Os trabalhos de manutenção eram diversos. Havia que limpar os canais da água que frequentemente entupiam com detritos arrastados pela corrente, reparar as penas do rodízio, limpar as areias e pedras acumuladas sob a trave para permitir regular a distância entre as mós e, o mais importante e delicado, ajustar o eixo da mó para permitir um movimento perfeitamente concêntrico e picar as pedras para que a moagem se fizesse de acordo com os padrões que a experiência exigia.
Uma boa moagem deveria ser composta por três elementos: a farinha, o farelo e o rolão, a parte mais grossa da farinha. Só depois de ser passada esta mistura pela peneira, mais ou menos fina, se obtinha o produto que se utilizava na confecção do pão e outras aplicações culinárias, sendo o farelo e a parte mais grossa do rolão utilizado na alimentação dos animais.
Dos moinhos de Cavenca já só resta um, o da Várzea. Uma imensa bolha de água que se desprendeu da encosta por baixo de Fonte Boa, há alguns anos atrás, arrastou tudo que lhe aparecia pela frente até se diluir no Vale do Minho. Aquele só escapou porque se situa a montante do local onde a violenta onda atingiu o Rio Pequeno, o pontão do Pedregal.
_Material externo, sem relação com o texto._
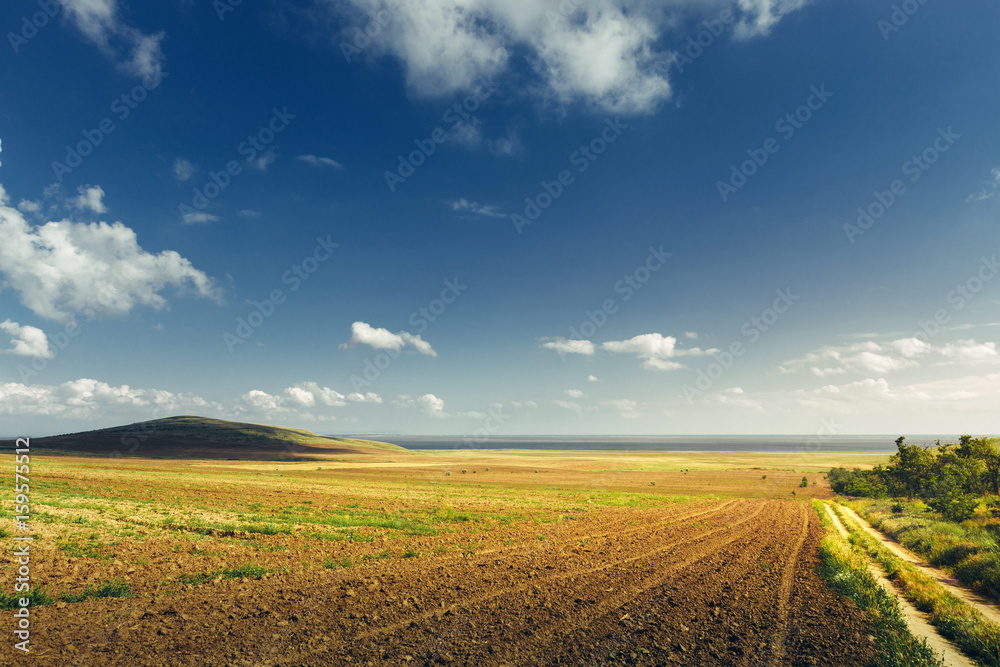 Obraz premium Field Hill Colorful Background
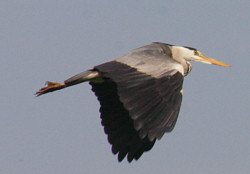 Heron in flight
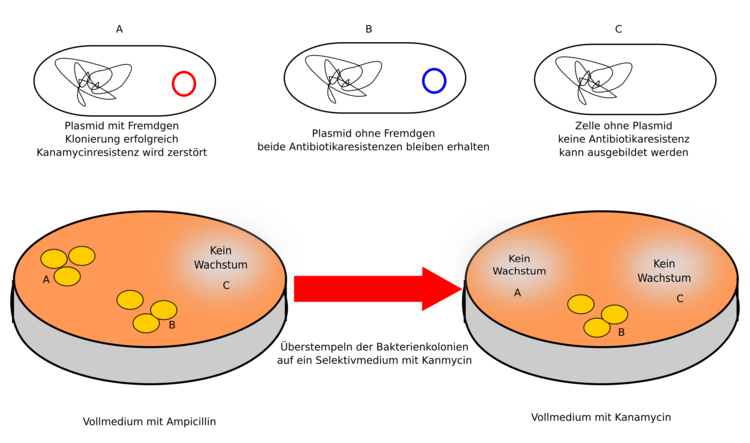 Stempeltechnik: Prüfen auf vorhandene Antibiotikaresistenzen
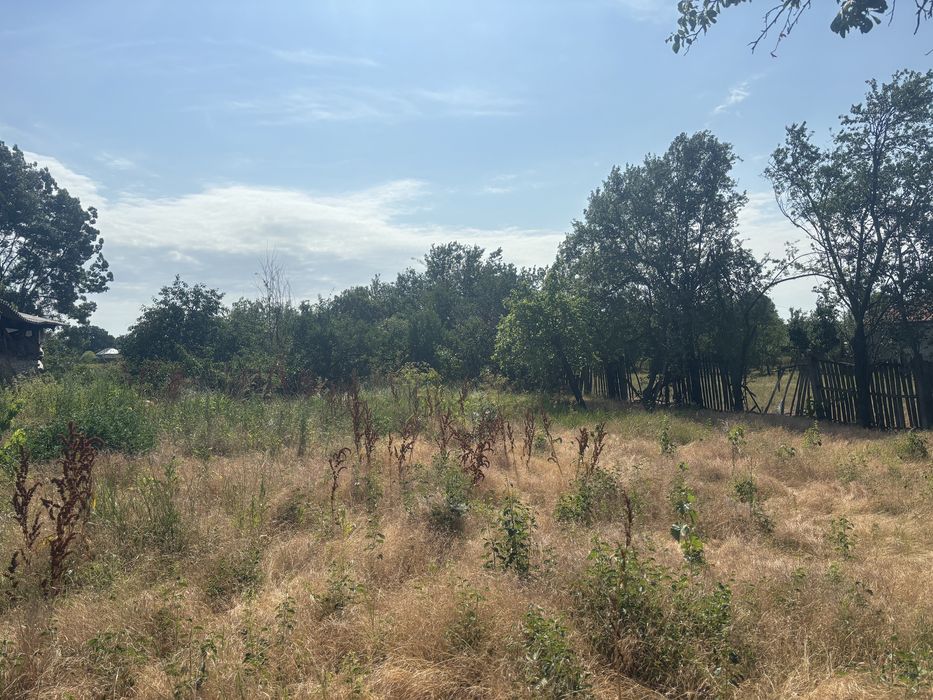 Vand urgent Teren intravilan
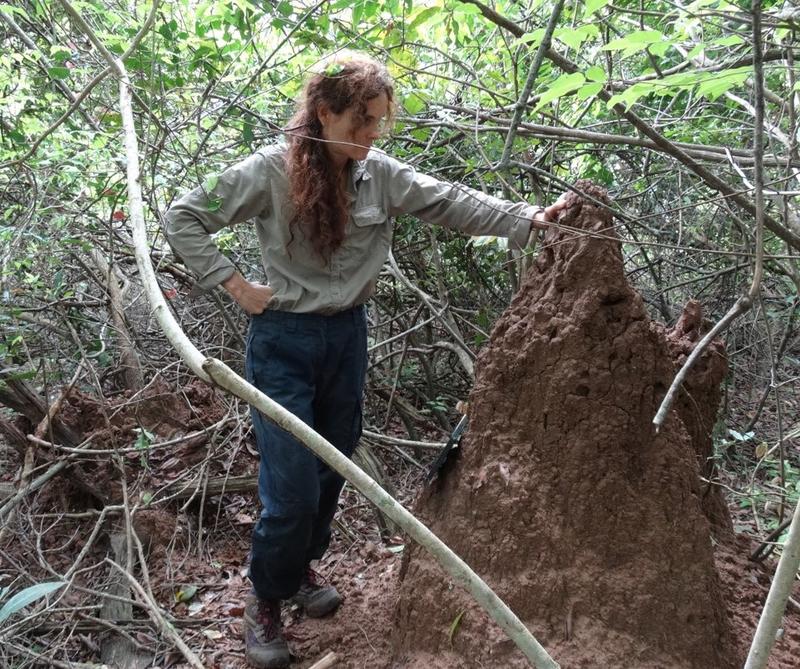 Alejandra Pascual-Garrido next to a mound of Pseudacanthotermes spiniger - image from Pascual-Garrido, A., Scheffrahn, R. 2020. Dietary Stasis: Four decades on, Mahale chimpanzees still favour Macrotermes. Pan Africa News.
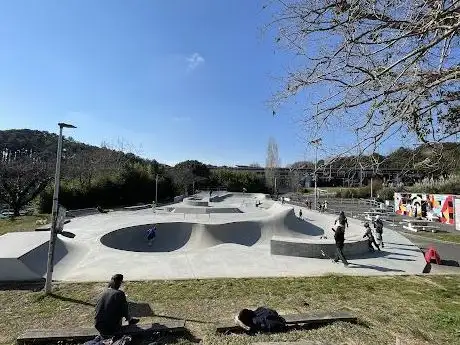 Photo of Skatepark de Jalday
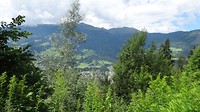 DSC02206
Eu chamo bolha de água a um fenómeno que ocorre com frequência nas zonas montanhosas, em Invernos de muita pluviosidade, porque não conheço outra designação e o termo “bexiga”, usado na minha terra, não me convence.
O que acontece é que a água das chuvas acumula-se no subsolo e forma imensos reservatórios de água, autênticas albufeiras subterrâneas, cuja parede de sustentação é a própria crosta terrestre. Quando a pressão é muita e a parede cede dá-se a catástrofe. Nada é capaz de conter a fúria da água misturada com pedras e terra, a que se alia o declive do terreno.
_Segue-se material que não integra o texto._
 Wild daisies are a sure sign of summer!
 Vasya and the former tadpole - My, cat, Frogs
Assim desapareceram os moinhos das minhas Memórias…
4 comentários:
Bom dia Mano!!
Muito bem contada a história ... "Os Moinhos de Cavenca"...rica em detalhes.
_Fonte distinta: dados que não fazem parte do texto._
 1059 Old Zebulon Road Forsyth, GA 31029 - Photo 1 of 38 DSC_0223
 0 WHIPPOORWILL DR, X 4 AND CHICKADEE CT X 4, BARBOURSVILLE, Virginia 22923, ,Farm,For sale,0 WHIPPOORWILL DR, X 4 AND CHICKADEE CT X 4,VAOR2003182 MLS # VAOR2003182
Eu, que tantas vezes fui a todos eles, de dia e de noite para que não parassem, hoje, não seria capaz de recordar todos esses nomes e termos." Não estou igual ao rapaz que ficou 15 dias ou 1 mês em Lisboa e, quando voltou à terra, não sabia o que era um ancinho"...rsrsrs...são muitos anos longe. Mano, os seus posts, além de prazerosos, aviva a minha memória e faz bem à alma. Que Deus te ilumine sempre.
Beijo grande.
Lembro de ir a Cavenca, logo depois do arrebentamento das "bexigas". Foi um inverno em que choveu demais e ainda pude observar os restos dos moinhos arrasados. Tive muita pena, tanto mais porque sabia que, se calhar, já ninguém os reconstruía.
Beijos
PS- ok, eu não mando mais desafios. Aviso compreendido, tio.
Adriana
Olá amigo.É mesmo muito triste quando vemos se perdendo, coisas que nos foram tão próximas. Minhas mais fortes memórias resumem-se á lugares já completamente modificados e de onde não tenho sequer fotos ou desenhos antigos para os recontituir. E as imagens que trago na memória, só as tenho como registrar em palavras, pois sequer sei desenhar para tentar fazer com que vivam. É mesmo uma grande perda. Assim, fico triste ao ver se perdendo partes tão importantes não só da tua história pessoal, mas do teu Portugal. Parabéns por , de alguma maneira, os trazer ainda vivos. Um abraço!
Bem já sei que terei de fazer a minha estrada preferida, desde Adrão pelo S. Bento do Cando, para ir até Cavenca apreciar os moinhos. Ou será que já não se pode descer o rio como em Adrão?